18. The method of claim 17, wherein forming the integrated AMR sensor further comprises:
forming a fifth resistor having a fifth reference direction oriented at 45 degrees relative to the first reference direction, the fifth resistor having: a first magnetoresistive section having a first current flow direction oriented at the first tilt angle relative to the fifth reference direction; and a second magnetoresistive section having a second current flow direction oriented at the second tilt angle relative to the fifth reference direction;
forming a sixth resistor having a sixth reference direction perpendicular to the fifth reference direction, the sixth resistor having: a first magnetoresistive section having a first current flow direction oriented at the first oblique angle relative to the sixth reference direction; and a second magnetoresistive section having a second current flow direction oriented at the second oblique angle relative to the sixth reference direction;
forming a seventh resistor having a seventh reference direction perpendicular to the fifth reference direction, the seventh resistor having: a first magnetoresistive section having a first current flow direction oriented at the first oblique angle relative to the seventh reference direction; and a second magnetoresistive section having a second current flow direction oriented at the second oblique angle relative to the seventh reference direction; and
forming an eighth resistor having an eighth reference direction perpendicular to the seventh reference direction, the eighth resistor having: a first magnetoresistive section having a first current flow direction oriented at the first oblique angle relative to the eighth reference direction; and a second magnetoresistive section having a second current flow direction oriented at the second oblique angle relative to the eighth reference direction.

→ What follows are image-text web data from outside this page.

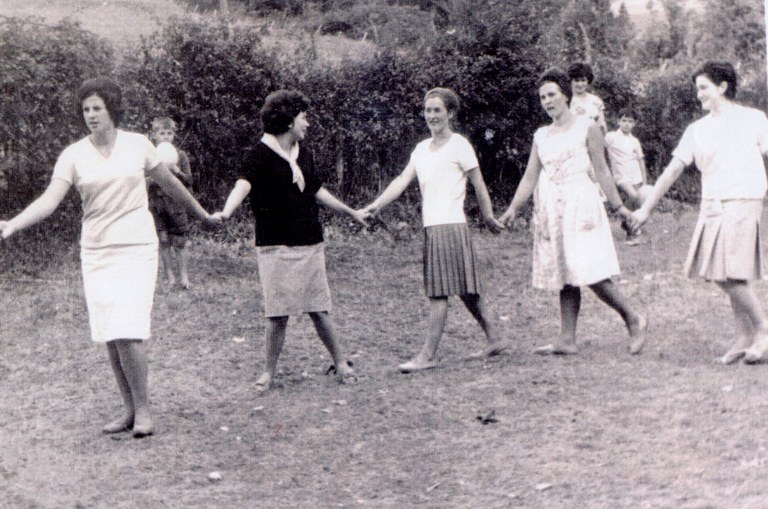 Emakumeen aurreskua Elorrion, Argiñetan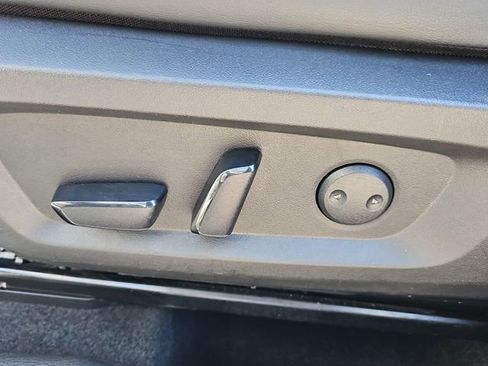 Used 2024 Mitsubishi Outlander SE image 12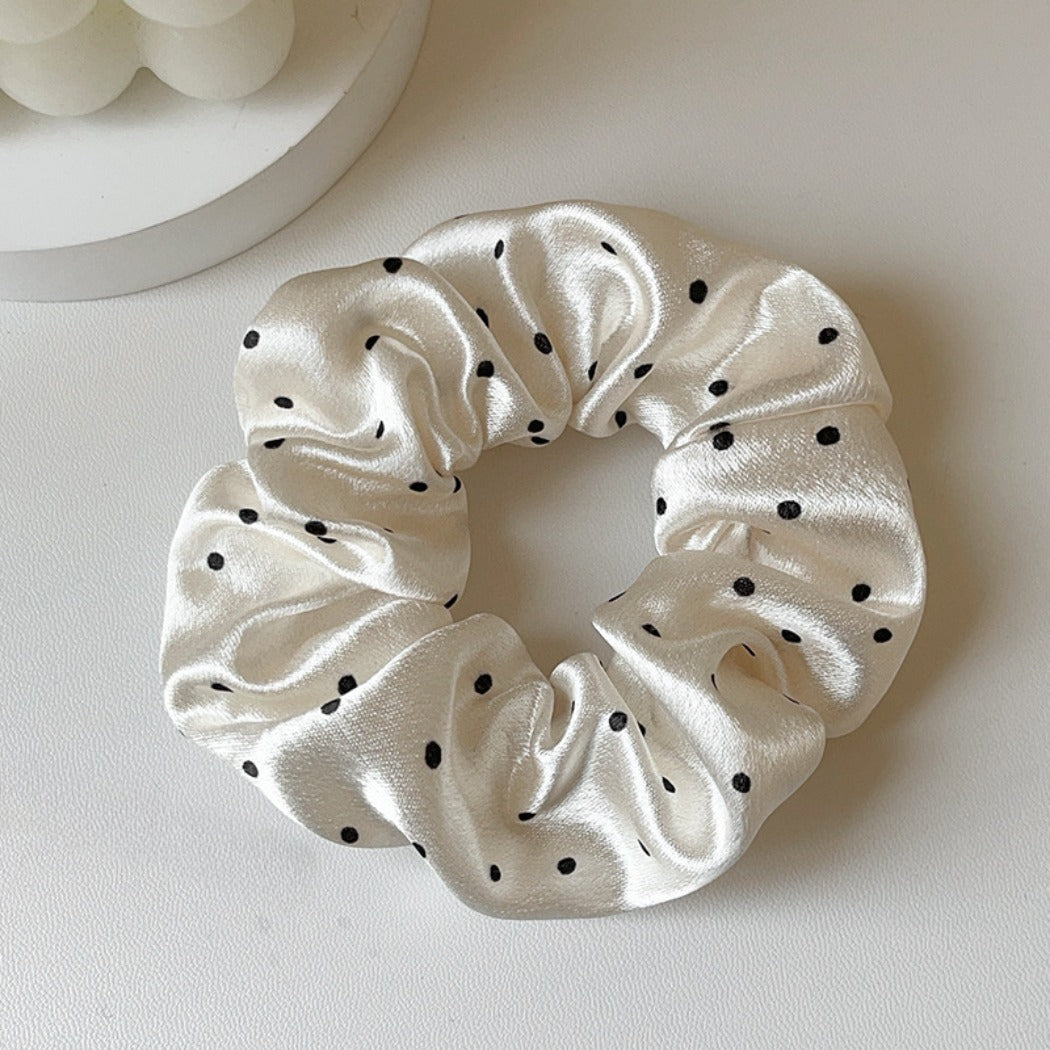 Gifty - Polka Dot Scrunchie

19. The method of claim 14, wherein forming the integrated AMR sensor further comprises:
a third magnetoresistive section forming the first resistor, the third magnetoresistive section having a third current flow direction oriented at zero degrees with respect to the first reference direction; and
a third magnetoresistive section forming the second resistor, the third magnetoresistive section having a third current flow direction oriented at zero degrees with respect to the second reference direction.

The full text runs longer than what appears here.